▶ [Task goal]: Using the data that follows, output only the lines from the line with "Logan Gifford’s attorney" up to and including the line with "Grilled cilantro lime", exactly, leaving pictures aside.

▶ [Data extracts]:
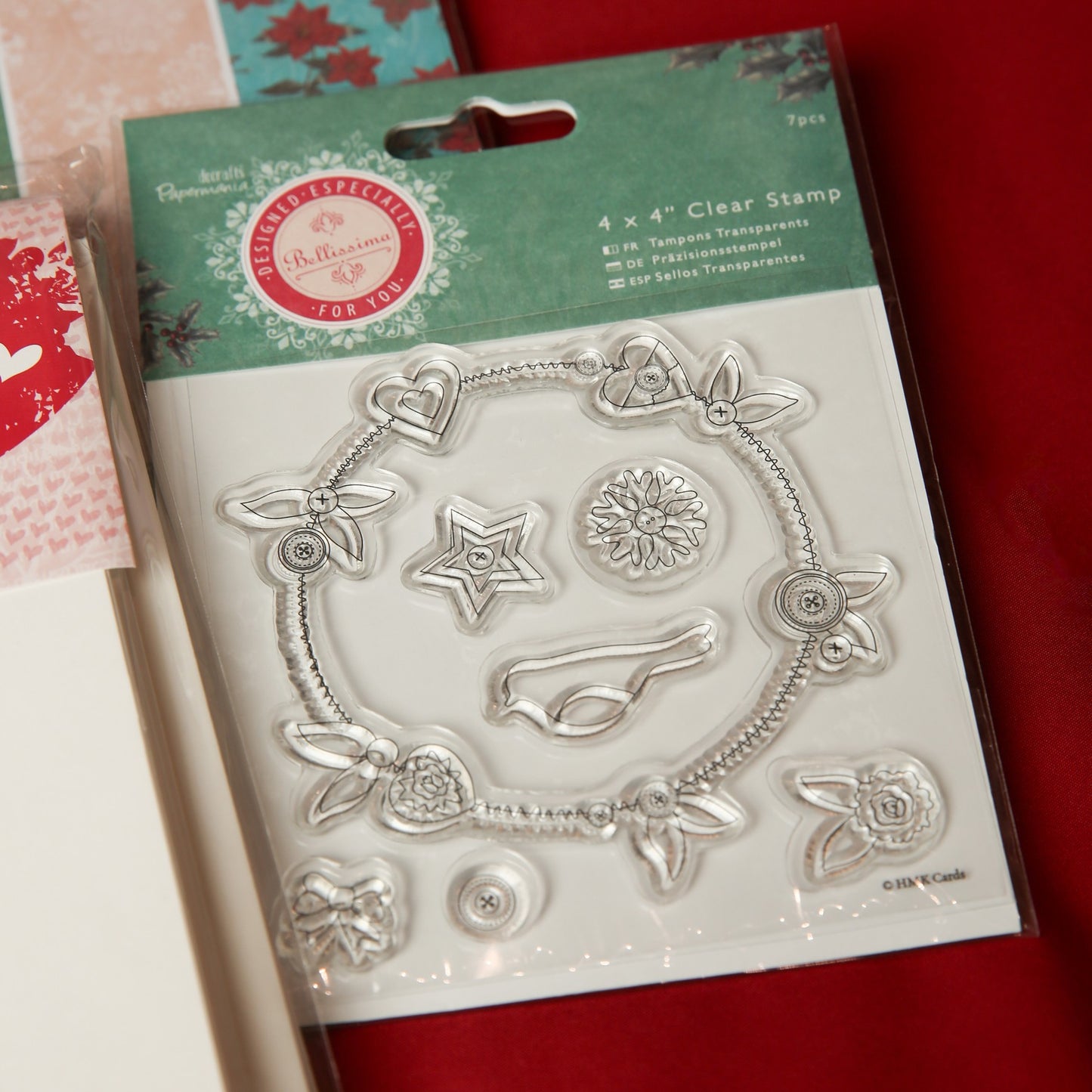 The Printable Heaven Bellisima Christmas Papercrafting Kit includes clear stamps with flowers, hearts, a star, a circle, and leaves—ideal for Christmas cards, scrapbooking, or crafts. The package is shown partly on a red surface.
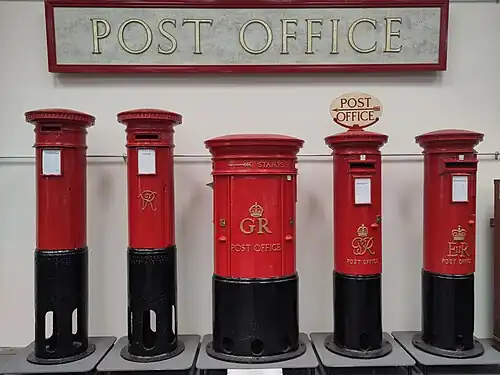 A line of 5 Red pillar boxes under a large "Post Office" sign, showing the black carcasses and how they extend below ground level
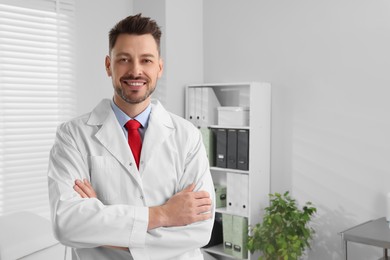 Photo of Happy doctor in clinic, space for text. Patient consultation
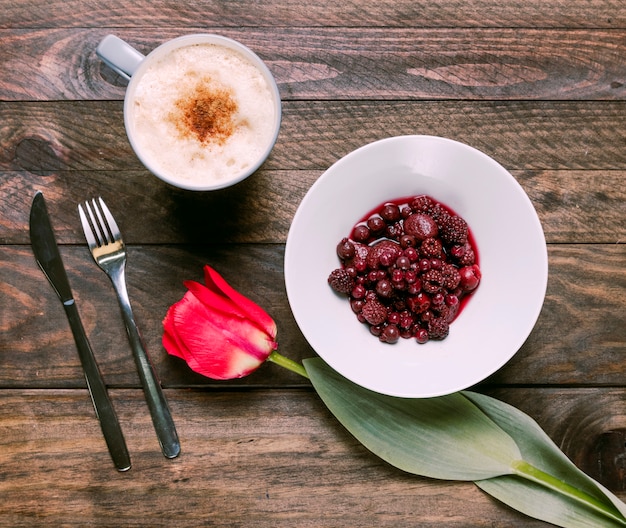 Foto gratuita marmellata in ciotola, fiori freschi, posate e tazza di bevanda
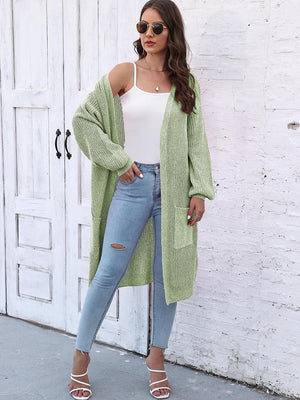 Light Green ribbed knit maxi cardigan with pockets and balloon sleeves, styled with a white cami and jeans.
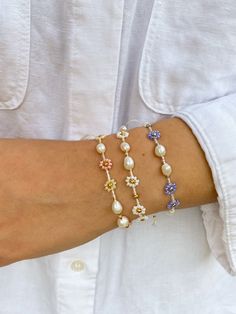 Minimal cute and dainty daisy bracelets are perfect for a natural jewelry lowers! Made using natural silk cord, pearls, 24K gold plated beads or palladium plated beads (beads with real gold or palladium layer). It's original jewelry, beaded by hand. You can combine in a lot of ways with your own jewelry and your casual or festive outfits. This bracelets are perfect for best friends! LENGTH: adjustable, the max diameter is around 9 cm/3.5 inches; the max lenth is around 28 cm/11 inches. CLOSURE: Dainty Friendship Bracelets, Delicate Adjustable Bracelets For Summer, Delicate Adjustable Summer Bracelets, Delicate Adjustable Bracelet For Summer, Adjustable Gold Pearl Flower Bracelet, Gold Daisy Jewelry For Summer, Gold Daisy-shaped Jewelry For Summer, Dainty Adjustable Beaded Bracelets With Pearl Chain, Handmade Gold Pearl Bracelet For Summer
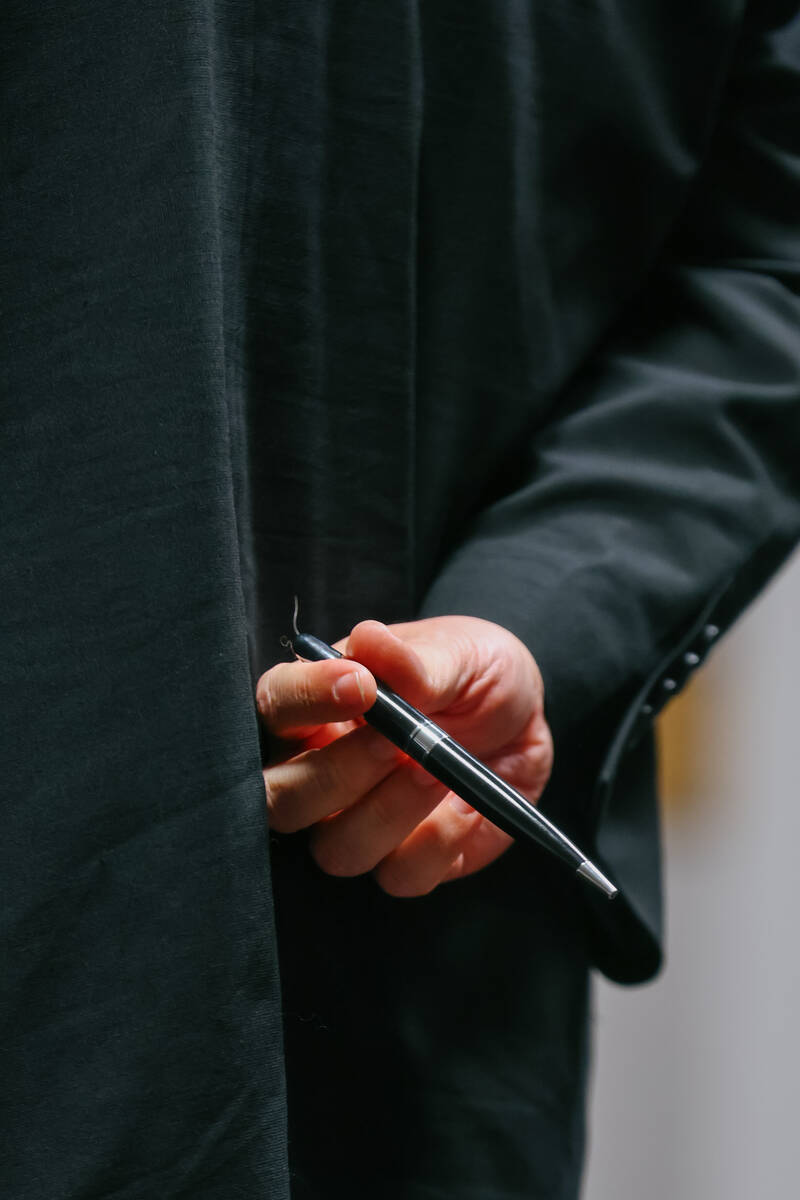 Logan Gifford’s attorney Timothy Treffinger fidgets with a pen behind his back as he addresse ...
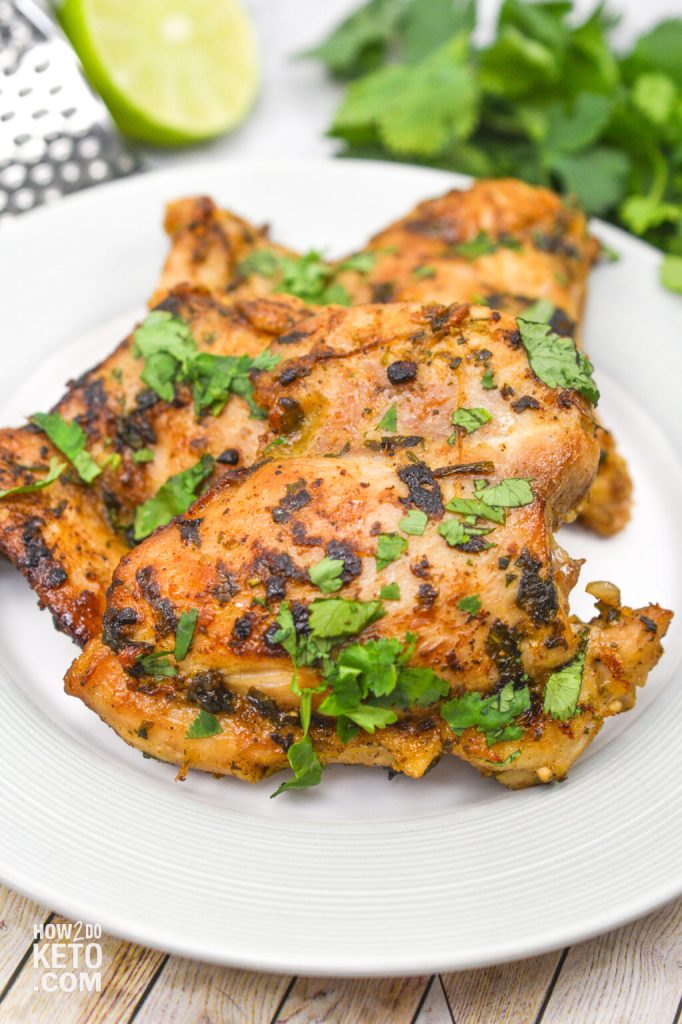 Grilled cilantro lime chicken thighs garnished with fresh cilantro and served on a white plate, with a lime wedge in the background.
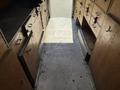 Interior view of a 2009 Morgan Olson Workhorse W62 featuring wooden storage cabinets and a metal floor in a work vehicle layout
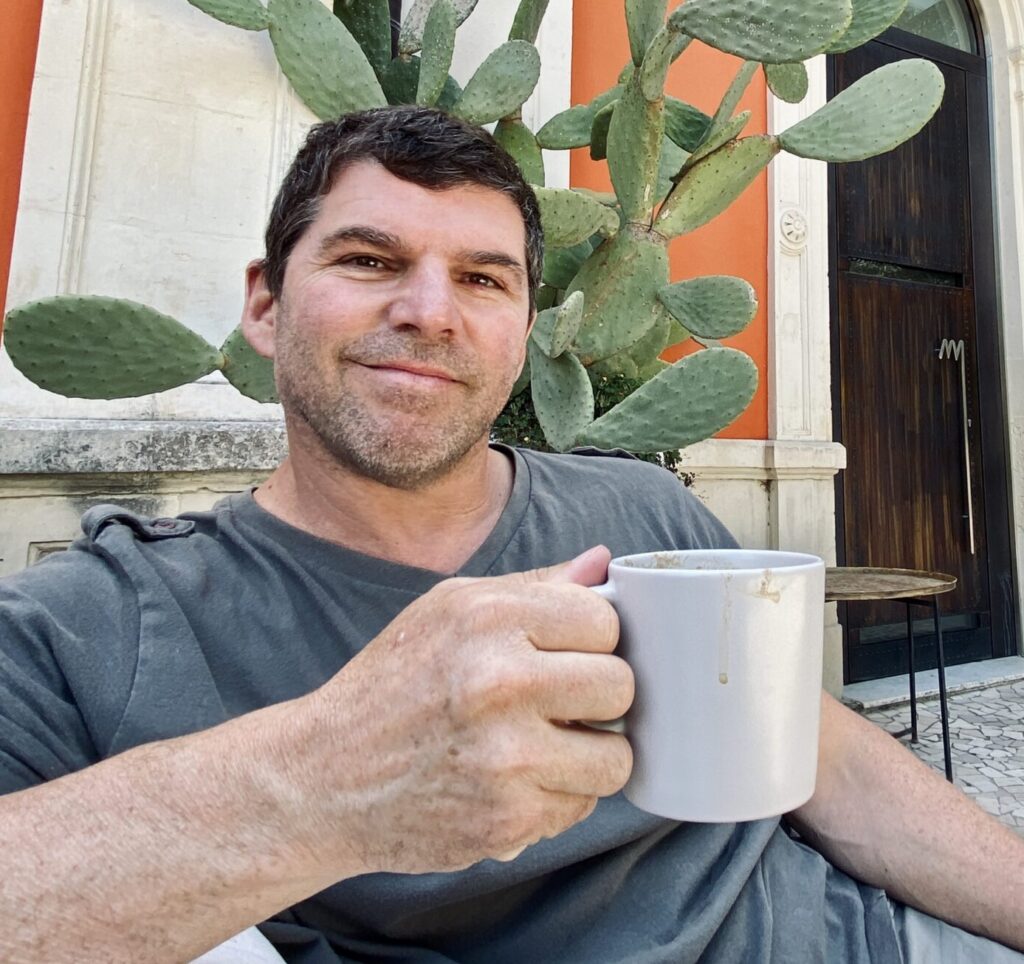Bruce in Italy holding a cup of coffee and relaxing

▶ [Response box]:
 Logan Gifford’s attorney Timothy Treffinger fidgets with a pen behind his back as he addresse ...
 Grilled cilantro lime chicken thighs garnished with fresh cilantro and served on a white plate, with a lime wedge in the background.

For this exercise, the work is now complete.